La Turangalîla-symphonie à Dublin
Je me suis promené dans les rues froides mais ensoleillées de Dublin. Il y avait des kilts partout en ville en raison du match Irlande Ecosse du lendemain. J'ai eu un peu de mal à comprendre mes clients au bel accent irlandais et le soir j'ai pris un ticket au
National Concert Hall pour un concert de musique française.
La salle est un mélange assez maladroit d'architectures classique (avec des colonnes grecques et un assez bel orgue) et moderne (un balcon très laid). Le vert y règne en maître comme on peut l'imaginer.
Le RTÉ National Symphony orchestra a vite expédié une première partie dédiée à Ravel. Un
Alborado del gracioso assez banal, suivi des trois chants de Shéhérazade interprétés assez mal par une jeune soprano irlandaise Ailish Tynan "

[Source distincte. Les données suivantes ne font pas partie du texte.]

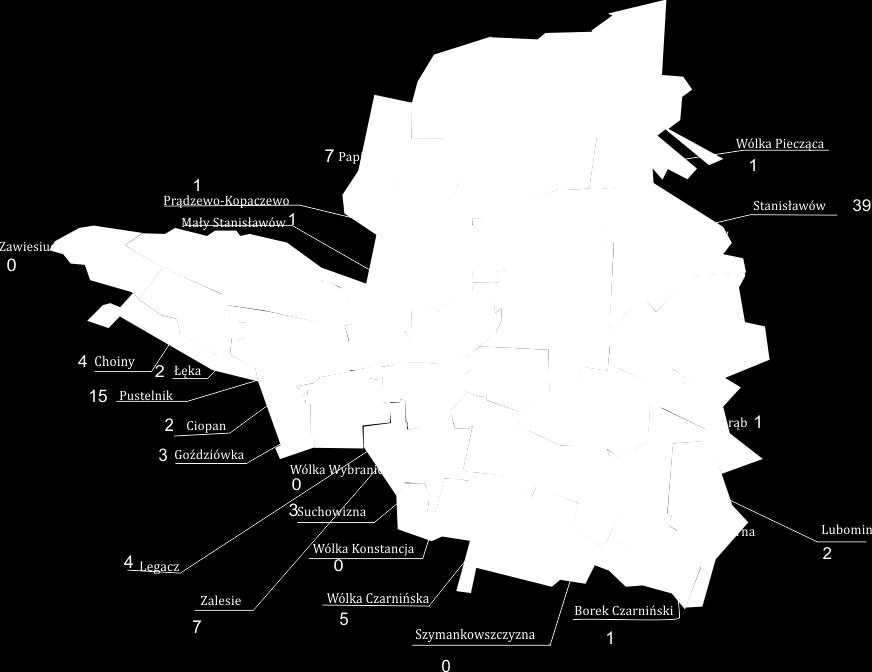 Lokalny Program Rewitalizacji Gminy Stanisławów na lata 2016-2023 Rysunek 5. Bezpieczeństwo publiczne na podstawie łącznej liczby przestępstw Źródło: Opracowanie własne Rysunek 6.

ésie! ésie" criait-elle...
Je n'avais jamais remarqué l'ambiguité lascive du troisième poème de Tristan Klingsor:
L'indifférent
Tes yeux sont doux comme ceux d'une fille,
Jeune étranger,
Et la courbe fine
De ton beau visage de duvet ombragé
Est plus séduisante encor de ligne.
Ta lèvre chante sur le pas de ma porte
Une langue inconnue et charmante
Comme une musique fausse . . .
Entre!
Et que mon vin te réconforte . . .
Mais non, tu passes
Et de mon seuil je te vois t'éloigner
Me faisant un dernier geste avec grâce
Et la hanche légèrement ployée
Par ta démarche féminine et lasse. . . .
Suivait une fort belle
Turangalîla-symphonie avec ses dix mouvements de fatras habituel. Pascal Rophé a fort bien conduit l'orchestre dans cette oeuvre dense avec un Roger Muraro hallucinant de force et de présence, luttant parfois contre les ondes Martenot de Valérie Hartmann Clavérie dont l'instrument était clairement réglé trop fort.
Devant moi, un troupeau de petites vieilles sans doute toutes issues de la même maison de retraite se prenaient des fous-rires terribles à l'écoute de cette musique qui les surprenait. A ma droite un vieux couple dormait pendant le deuxième chant d'amour, lui avec sa grosse langue qui pendait en dehors de la bouche.
Pourtant à la fin, la salle entière s'est levée pour faire un triomphe au trio français de la Turangalîla-symphonie.